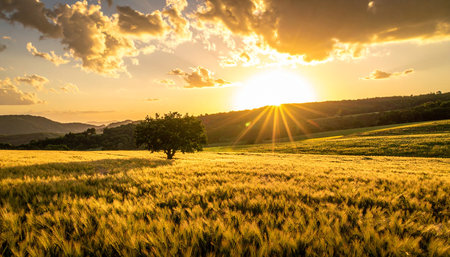 Sunset over wheat field and trees in Tuscany, Italyの素材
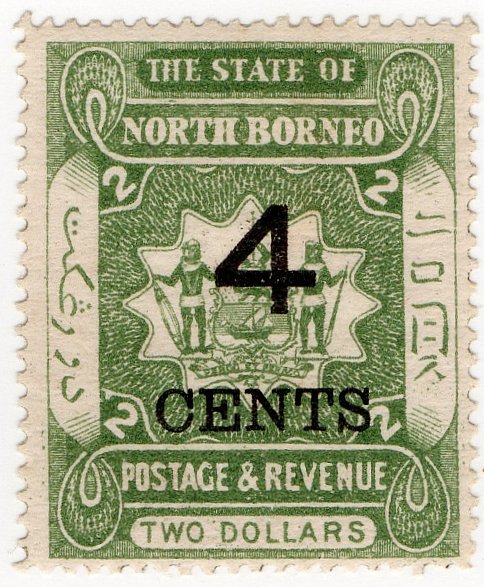 (I.B) British North Borneo Postal : State 4c on $2 OP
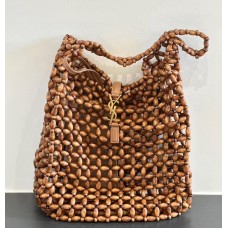 Saint Laurent LE 5 À 7 large in wood beads YSL823807-WB-caramel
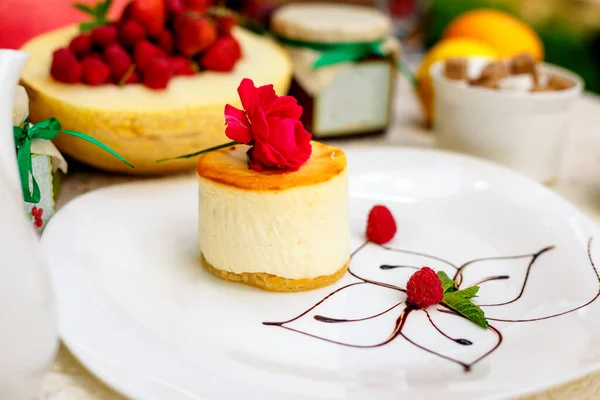 Cheesecake Lampone Con Tenerezza Formaggio Una Leggera Sfumatura Frutta Lampone — Foto Stock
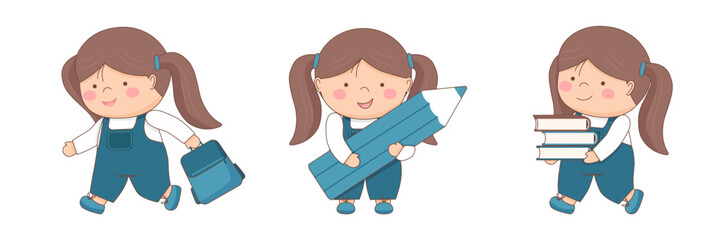 Set of schoolgirls - back to school and education concept	
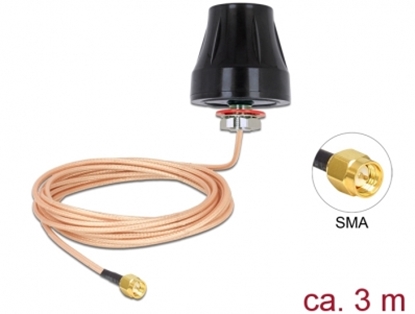 Attēls no Delock LTE Antenna SMA plug 2 dBi fixed omnidirectional with connection cable (RG-316U, 3 m) outdoor black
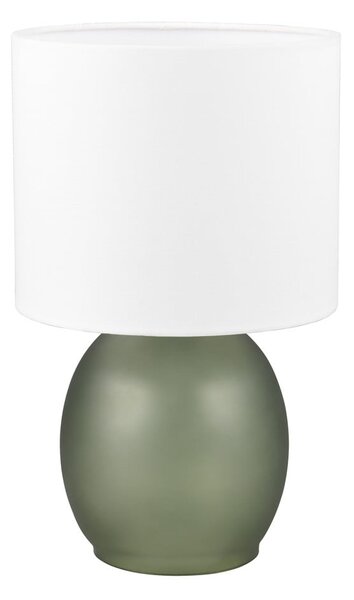 Lampada da tavolo bianco-verde con paralume in tessuto (altezza 29 cm) Vela - Trio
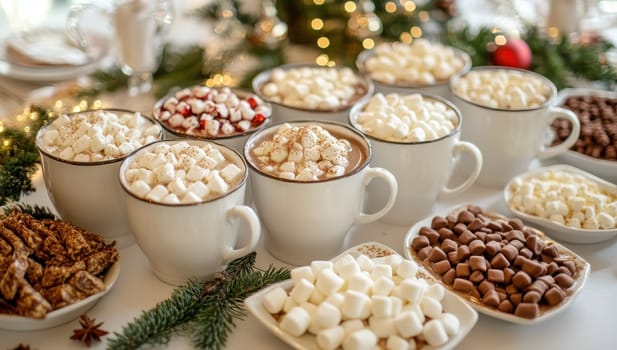 Hot Chocolate Bar with Marshmallows and Toppings, Christmas Concept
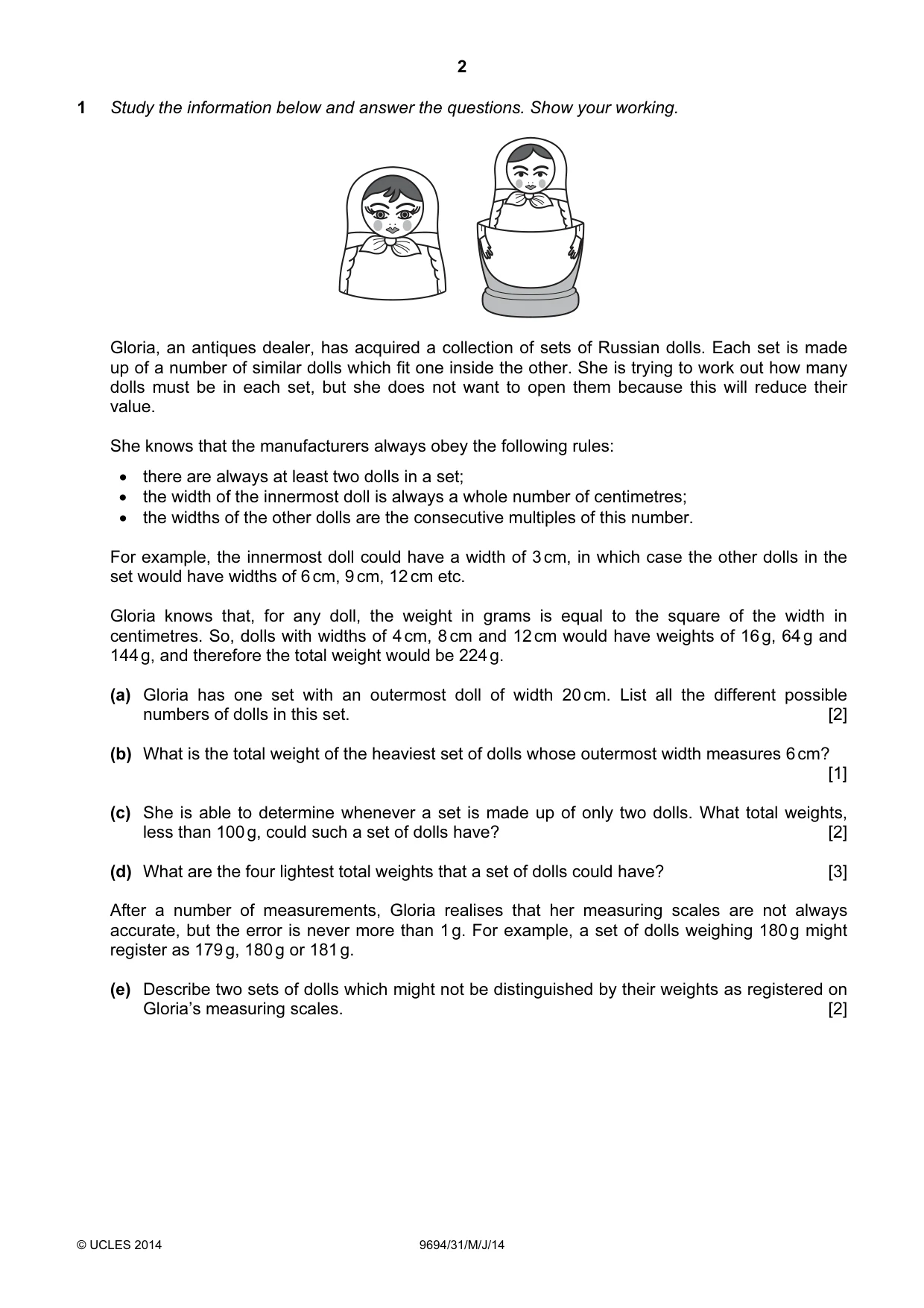 Cambridge A Level Thinking Skills 9694 2014 May/June Paper 3 · Variant 1 question paper, page 2 of 8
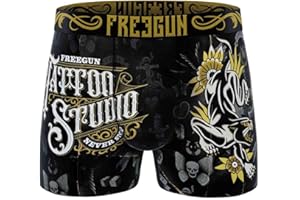FREEGUN Boxer Homme Microfibre Skull Tête de Mort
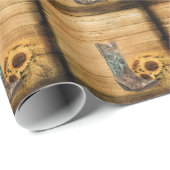 ウェザードウェスタンカントリーのヒマワリのカウボーイブーツ ラッピングペーパー (ロールコーナー)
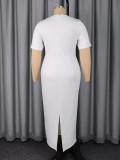 Plus Size Women White Rhinestone Square Neck Short Sleeve Embellished Bodycon Dress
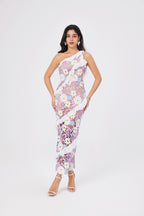 Women Lace One Shoulder Sleeveless Bodycon Dress ESUNG
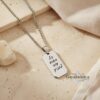 Dog Tag Necklace for Men, Engraved Stainless Steel Pendant, Curb Chain, Custom Text - handmade in Israel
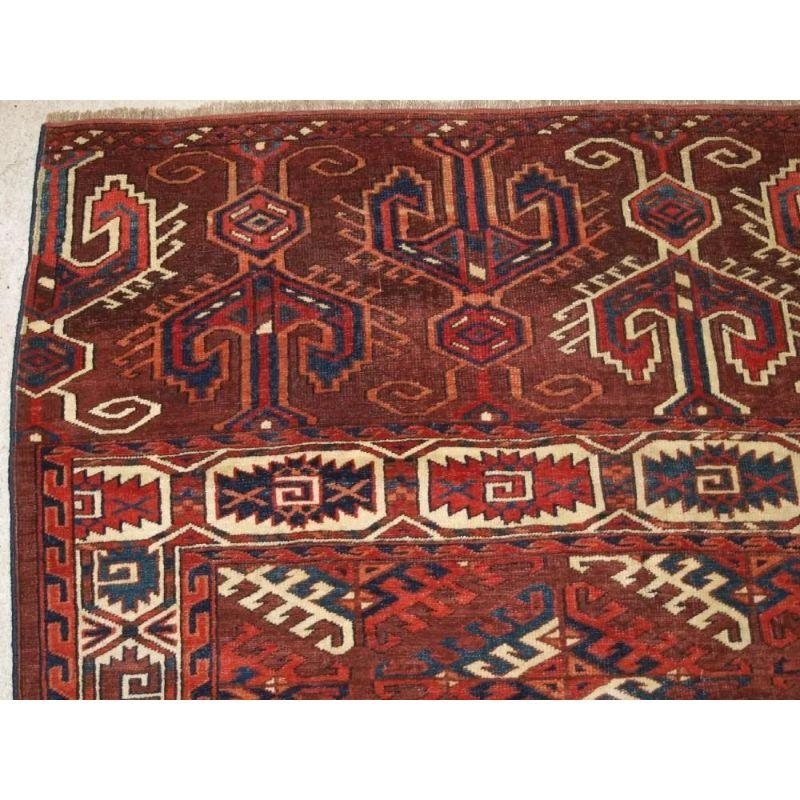 Antiker Yomut-Turkmenen-Hauptteppich mit großen Elem-Panelen, um 1850/70 (Turkmenisch) im Angebot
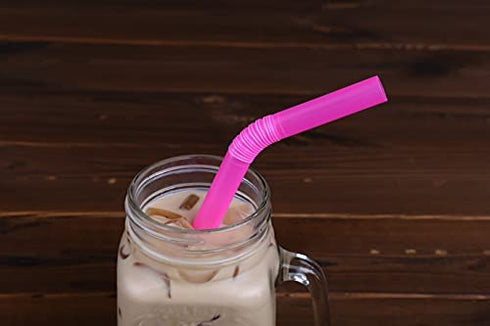 Jumbo Flexible Smoothie Plastic Straws, 100 Pcs Assorted Colors Large Bendable Disposable Milkshake Straws, Wide Bendy Boba Drinking Straws (0.47" Diameter and 8.26" long)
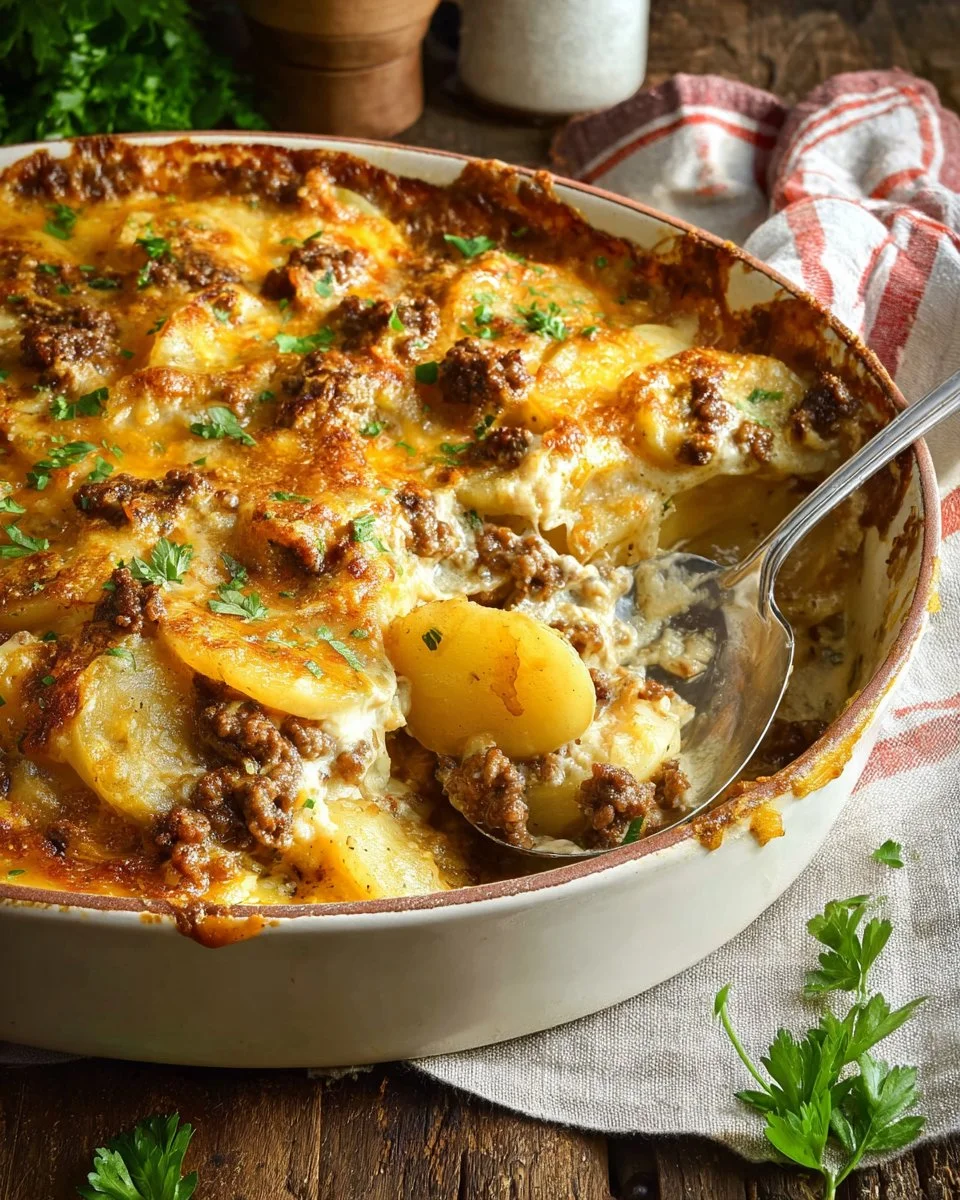 Cheesy hamburger potato casserole served in a baking dish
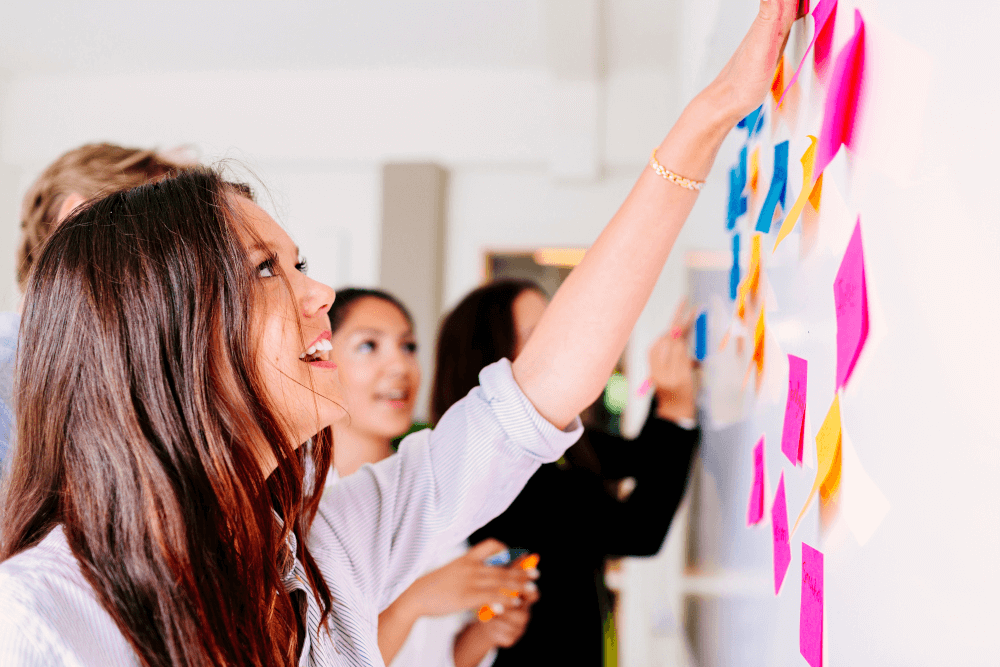 A team working with an office wall Kanban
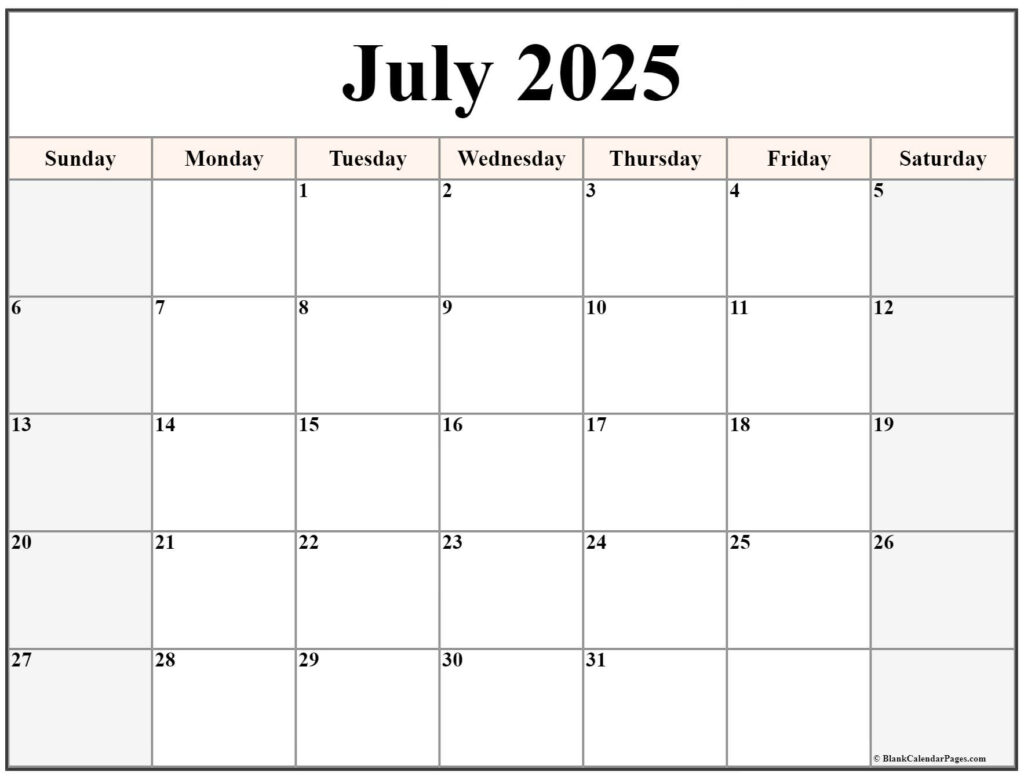 Printable Calendar July 2025 June 2025 Natasha Flynn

┄┄┄┄┄┄

• _Task_
Output each record precisely as it appears, and drop every picture.

• _Answer section_
 Sunset over wheat field and trees in Tuscany, Italyの素材
 (I.B) British North Borneo Postal : State 4c on $2 OP
 Saint Laurent LE 5 À 7 large in wood beads YSL823807-WB-caramel
 Cheesecake Lampone Con Tenerezza Formaggio Una Leggera Sfumatura Frutta Lampone — Foto Stock
 Set of schoolgirls - back to school and education concept	
 Attēls no Delock LTE Antenna SMA plug 2 dBi fixed omnidirectional with connection cable (RG-316U, 3 m) outdoor black
 Lampada da tavolo bianco-verde con paralume in tessuto (altezza 29 cm) Vela - Trio
 Hot Chocolate Bar with Marshmallows and Toppings, Christmas Concept
 Cambridge A Level Thinking Skills 9694 2014 May/June Paper 3 · Variant 1 question paper, page 2 of 8
FREEGUN Boxer Homme Microfibre Skull Tête de Mort
 ウェザードウェスタンカントリーのヒマワリのカウボーイブーツ ラッピングペーパー (ロールコーナー)
 Plus Size Women White Rhinestone Square Neck Short Sleeve Embellished Bodycon Dress
 Women Lace One Shoulder Sleeveless Bodycon Dress ESUNG
 Dog Tag Necklace for Men, Engraved Stainless Steel Pendant, Curb Chain, Custom Text - handmade in Israel
 Antiker Yomut-Turkmenen-Hauptteppich mit großen Elem-Panelen, um 1850/70 (Turkmenisch) im Angebot
 Jumbo Flexible Smoothie Plastic Straws, 100 Pcs Assorted Colors Large Bendable Disposable Milkshake Straws, Wide Bendy Boba Drinking Straws (0.47" Diameter and 8.26" long)
 Cheesy hamburger potato casserole served in a baking dish
 A team working with an office wall Kanban
 Printable Calendar July 2025 June 2025 Natasha Flynn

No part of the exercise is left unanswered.